Chapter 5: Force and Motion

1. What is a Force? Why does it matter?

A force is simply a push or a pull that one object (the agent) exerts on another.
Every force has magnitude (how strong) and direction → we treat forces as vectors.
Two broad families:
1. Contact forces – need physical touch (e.g., friction, tension).
2. Long-range forces – act at a distance (e.g., gravity, magnetism).

2. Net Force & Newton's Second Law

Net force = the vector sum of all forces acting on an object:
$\vec{F}_{\text{net}} = \sum_i \vec{F}_i$
Experiments show:
1. Acceleration $\vec{a}$ grows in direct proportion to $\vec{F}_{\text{net}}$ .
2. For a given $\vec{F}_{\text{net}}$ , heavier objects (more mass $m$ ) accelerate less.
Combining both ideas gives Newton's 2nd Law:
$\boxed{\vec{a} = \frac{\vec{F}_{\text{net}}}{m}}$
The acceleration points in the same direction as $\vec{F}_{\text{net}}$ .
Units:
- Mass → kilograms (kg)
- Force → newtons (N) – one newton is $1\ \text{kg} \cdot \text{m/s}^2$ .

3. Equilibrium & Newton's First Law

If no net force acts ( $\sum \vec{F} = 0$ ), the object is in equilibrium:
- At rest → it stays at rest.
- Moving at constant velocity → it keeps that velocity.
- Written as: $\vec{a} = 0$ .
This is Newton's 1st Law ("law of inertia").

Key takeaway: motion itself needs no force to continue—only a change in motion needs force.

4. Everyday Forces to Recognise

Symbol	Force name	Direction rule	Useful equation	Comment
$\vec{F}_G$	Gravity	Straight down (toward Earth's centre)	$F_G = mg$	Long-range
$\vec{F}_{\text{sp}}$	Spring	Toward spring's relaxed (equilibrium) length	—	Hooke's law appears later
$\vec{T}$	Tension	Along (and pulling) the string/rope	—	Same at every point in an ideal rope
$\vec{n}$	Normal	Perpendicular to the surface	—	"Support" force
$\vec{f}_k$	Kinetic friction	Parallel & opposite to sliding motion	$f_k = \mu_k n$	Surface must be sliding
$\vec{f}_s$	Static friction	Parallel & opposite to intended motion	$f_s \leq \mu_s n$	Holds an object at rest

Free-body diagram: draw the object alone, then add each of these forces with correct directions and labels. That picture is half the battle!
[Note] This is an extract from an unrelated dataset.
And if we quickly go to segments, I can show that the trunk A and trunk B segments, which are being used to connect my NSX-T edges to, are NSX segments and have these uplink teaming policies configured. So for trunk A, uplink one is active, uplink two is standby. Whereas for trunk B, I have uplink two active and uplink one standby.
5. From Straight-Line Motion to Rotation – Introducing Torque

A force can also twist an object about a pivot.
We measure this twisting tendency with torque $\vec{\tau}$ :
$\boxed{\vec{\tau} = \vec{r} \times \vec{F}}$
where:
- $\vec{r}$ = position vector from the pivot to where the force is applied,
- $\times$ = vector (cross) product.
Magnitude:
$\tau = F\,r\sin\phi = F\,d_\perp$
- $\phi$ = angle between $\vec{F}$ and $\vec{r}$ .
- $d_\perp$ = shortest (perpendicular) distance from pivot to the force's line of action.
Sign convention (viewing +z coming out of the page):
- Counter-clockwise (CCW) twist → $+\tau$
- Clockwise (CW) twist → $-\tau$
Component trick: sometimes it is faster to resolve $\vec{F}$ into $x$ - and $y$ -parts and add their torques:
$\tau = F_x\,d_{y,\perp} + F_y\,d_{x,\perp}$

6. Net Torque

Just like forces, torques add:

\vec{\tau}_{\text{net}} = \sum_i \vec{\tau}_i

The net torque tells you the overall rotational effect of all forces on the object.
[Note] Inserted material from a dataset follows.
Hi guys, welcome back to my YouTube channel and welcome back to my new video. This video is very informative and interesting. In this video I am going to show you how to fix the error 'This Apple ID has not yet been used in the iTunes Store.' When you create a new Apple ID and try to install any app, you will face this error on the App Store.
7. Quick Practice (try before peeking!)

A. The square plate shown on the left has a pivot point O at its centre. If $F_1 = 26\ \text{N}$ , $F_2 = 14\ \text{N}$ , and $F_3 = 18\ \text{N}$ , what is the net torque?

Square plate with forces

Using the torque formula $\tau = Fr\sin\phi$ for each force:

For $F_1$ (26 N):

Distance from pivot to force application point: $r = 0.127\ \text{m}$
Angle between force and position vector: $\phi = 135^\circ$
Torque: $\tau_1 = -(26\ \text{N})\sin135^\circ(0.127\ \text{m}) = -2.33\ \text{Nm}$ (CW)

For $F_2$ (14 N):

Distance from pivot to force application point: $r = 0.127\ \text{m}$
Angle between force and position vector: $\phi = 135^\circ$
Torque: $\tau_2 = (14\ \text{N})\sin135^\circ(0.127\ \text{m}) = 1.26\ \text{Nm}$ (CCW)

For $F_3$ (18 N):

Distance from pivot to force application point: $r = 0.127\ \text{m}$
Angle between force and position vector: $\phi = 90^\circ$
Torque: $\tau_3 = (18\ \text{N})\sin90^\circ(0.127\ \text{m}) = 2.29\ \text{Nm}$ (CCW)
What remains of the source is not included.